Although there was a host of new Treasury and municipal issues last week, activity was light and the bond market should have closed for the Labor Day holiday. It certainly was a good time to be on vacation in the face of a very apathetic and extremely dull market.

This uninteresting market atmosphere may be masking an underlying event: namely that the bond market rally, if not already over, is dying a slow death. This is not to say that interest rates will skyrocket, but further declines in rates may prove very difficult. The economy has slowed from an unsustainable pace, but still remains strong. Credit demands, both short- and long-term, have been surprisingly robust.

The municipal bond market provides a snapshot of the overall market. Since the rally began near the end of June, more than $11 billion in new issues have been marketed as investors became more positive in their outlook and as interest rates declined. But the dynamics of the tax-free market changed in the process. One major buyer initiated a large purchasing program that has helped the market. In the absence of strong buyers such as commercial banks and fire and casualty insurance companies, the municipal market needed the purchasing power of this major buyer along with open-end mutual funds and unit investment trusts (UITs).

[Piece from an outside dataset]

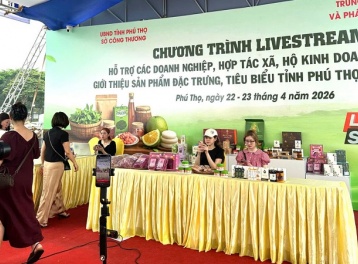 Đặc sản Đất Tổ 'bùng nổ' đơn hàng nhờ livestream và công nghệ số 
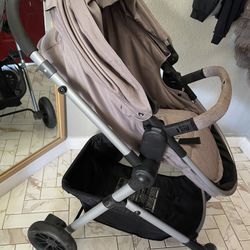 Evenflo Stroller (Converts To Bassinet)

Peter Gordon, municipal manager of the Rowe Price funds, adds that, "With the market going up, a lot of buyers became traders who bought and sold bonds for a one-quarter- to a one-half-a-point profit. When the returns on the UITs reached 10 percent, the retail demand for the UITs slowed and, consequently, the UITs' support of the market slowed as well. When the traders realize that they can't continue to make easy profits, they will leave the market, too. As a result, there will be an imbalance in the supply of new tax-free issues and the demand for them from buyers. At that point, the marketplace will reflect the true status of the market more accurately, and interest rates will rise."

Perhaps we are close to the "true status of the market." The municipal 30-day forward calendar is $3.6 billion, while the secondary market float of inventory, as advertised in the Blue List, is $1.7 billion. Municipal Market Data Inc. of Boston notes that this $1.7 billion is the highest level reached in the Blue List since April 12, 1984.

The bottom line for the municipal market is that, as rates have declined and the new-issue and secondary-market volume has increased, demand has decreased. In this situation, prices will be cut on the inventory, and yields will rise not only in the secondary market but on the new issues as well.